Isn't 90% of the time it's like, one person goes to the Financial District, and the other one will just drop off Mid-Market, or just a few blocks towards SOMA, thank you?

So do you get stuck waiting until there is a person with just the same exact route, or how is this partially-overlapping ride determined and split? You detour a few blocks to the right to accommodate the "nearby SOMA" person? But what if the original person says, screw SOMA, I'm not paying or waiting for any detours, I need to get to FD on a straight line asap.

Sounds pretty hard, matching millions of similar but different routes.

1 comments

I know if the price was cheap enough I'd definitely be willing to put up with slightly longer pickup delays

(considering that it'd probably still be faster than normal taxis around here)

I think you can look at it as (convenience + quality)/price.

Different people evaluate & value those three differently. To get a customer that equation needs to yield a higher value than the next best thing. To win in a a market completely, you need to tick all three boxes. Better, cheaper, faster.

Uber focused on high quality early on, the limo market. They beat limos for price and convenience (the competition sucked) and matched the quality. More expensive than taxis, but better quality (nicer car). As the network grew, "convenience" went up, fast pickup times. They expanded downmarket (lower price & quality) with uberXand to take on Taxis.

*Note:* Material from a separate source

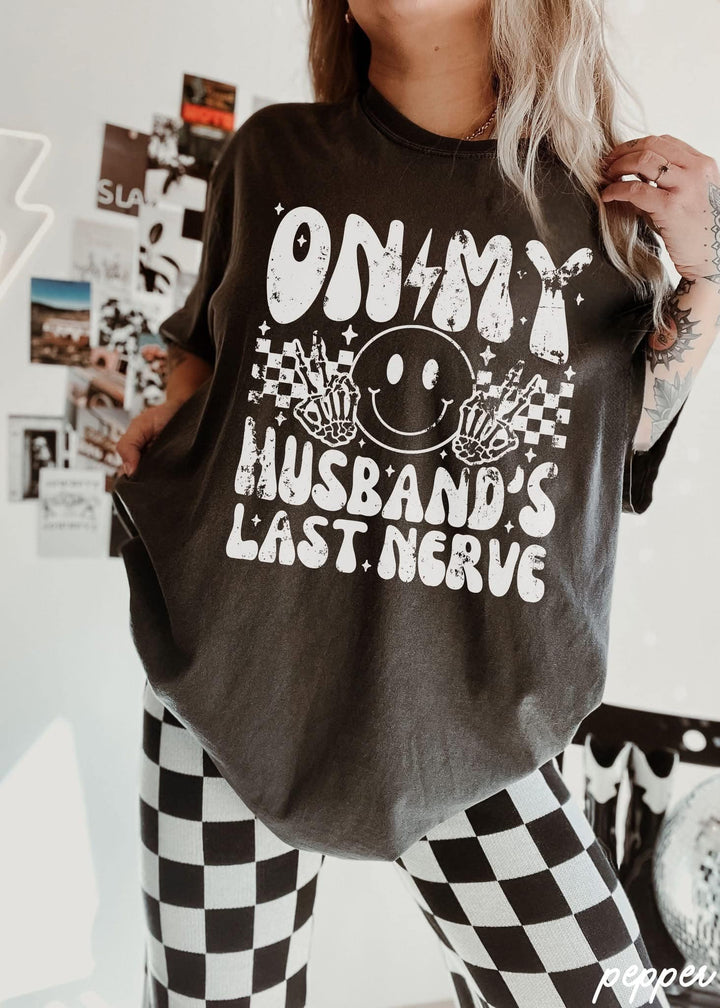 On My Husband's Last Nerve New 2025 Version - Pick your tee color - Graphic Tee - The Red Rival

I think this ridesharing/carpooling, if it works well might find an unserved niche somewhere between Taxis and public transport.

A next step might be something close to public transport. Basically minibuses running something similar to shuttles between hotels and airports. Most cities have these. They are possible because hotels can coordinate. That's why they are more common between the hotel and the airport than the other way around. There are probably lots of other use cases that are just missing the coordination.

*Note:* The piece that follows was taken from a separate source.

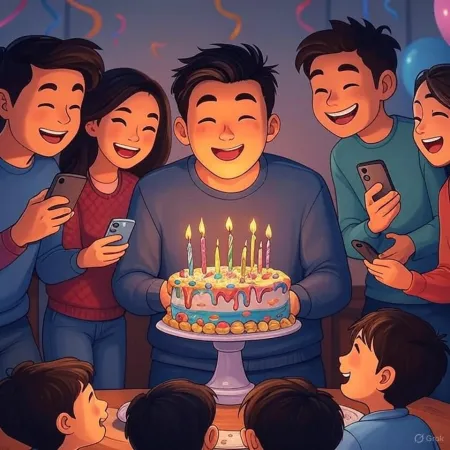Illustration eines Geburtstags, bei dem ein lächelnder Mann einen mit brennenden Kerzen dekorierten Kuchen hält, umgeben von Freunden und Verwandten, die mit ihren Handys Fotos machen.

> A next step might be something close to public transport. Basically minibuses running something similar to shuttles between hotels and airports.

There's also a huge and mostly hidden network of "dollar vans" in cities with large immigrant populations, private operators serving areas not touched by public transport routes. Not saying that Uber will expand this far downmarket, but interesting to note that what you describe exists in some form already.